Solution would work basically with any OS.
The only requirement is a spare VGA (or DVI-I/DVI-A) port on server PC.
Make a dummy VGA plug http://www.overclock.net/t/384733/the-30-second-dummy-plug
This will also work for DVI-I/DVI-A port + DVI-VGA adapter
Detect virtual monitor with your OS. Monitor will be detected as very generic monitor, so you can set up any resolution. Set it to slave PC resolution.
Use any remote control software to connect from slave to server PC. Set it to display only "virtual" monitor.
That's all. Your slave PC is a second monitor for server PC.
I've used this on Windows 7 + TeamViewer. I've additionally set up Mouse Without Borders (Microsoft Synergy analog) to be able to use slave PC with same mouse&keyboard, though this is not required if you intend to transform it to monitor-only.

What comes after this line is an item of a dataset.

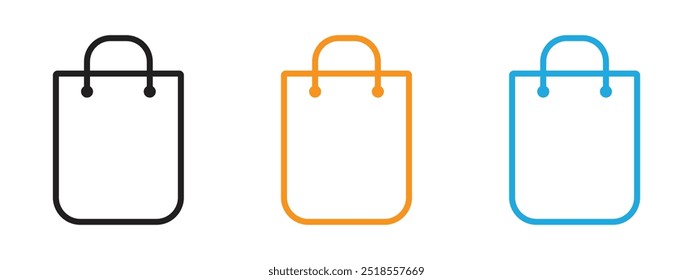Shopping bag icon Thin line illustration set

Xdmx - Distributed Multihead X Project (linux only)
Provides native X display on external machines, no VNC cons.
The following is not exactly what you want, but pretty close:
You can start a VNC server on the Windows machine, which will let you "export" its graphical screen.
Then, unplug the monitor from the Windows machine and use it as external laptop monitor instead, with your Mac laptop.
There, on your Mac, you just connect to the VNC session using Chicken of the VNC, which will give you the graphical screen content of the Windows machine as a Mac window (interactively, so you can actually control the windows machine as if you were working on it directly). You can put that on the external monitor, and you can also put other windows there, so you really have a shared environment.
I believe this solution also lets you copy and paste content from the Windows screen to Mac windows and vice versa.
I use MaxiVista on WinXP while programming. It works fantastically and lets me add a third screen to my multi-monitor configuration.
There is hope, here for windows users: http://virtualmonitor.github.io/ Looks like a work-in-progress and only supports windows 2000 - windows 7, but he's looking for help with windows 7 - 8.
Unfortunately, synergy doesn't allow moving windows across screens currently. It only forwards mouse&keyboard events from one set of physical devices to different computers.
Yes, and I love it. It allows you get past 2 screens on a laptop, and really I find 3 a great amount.
If your main machine is a Mac you want ScreenRecycler. You can then use monitors on other Mac, Windows, and Linux machines (anything with a VNC client). You will want something better than the Mac's crappy windows management though. I suggest Many Tricks' Moom and Witch.
On Windows, as #LachlanG said, MaxiVista works great. And it supports adding monitors from Windows, Mac, and Linux machines.
I am reusing my old laptop as a second monitor to see the live preview while coding. I am using SpaceDesk, which is free.
I use barrier and open source fork of synergy. Its a little hard to use but works really well. (To find it just search google for 'barrier github').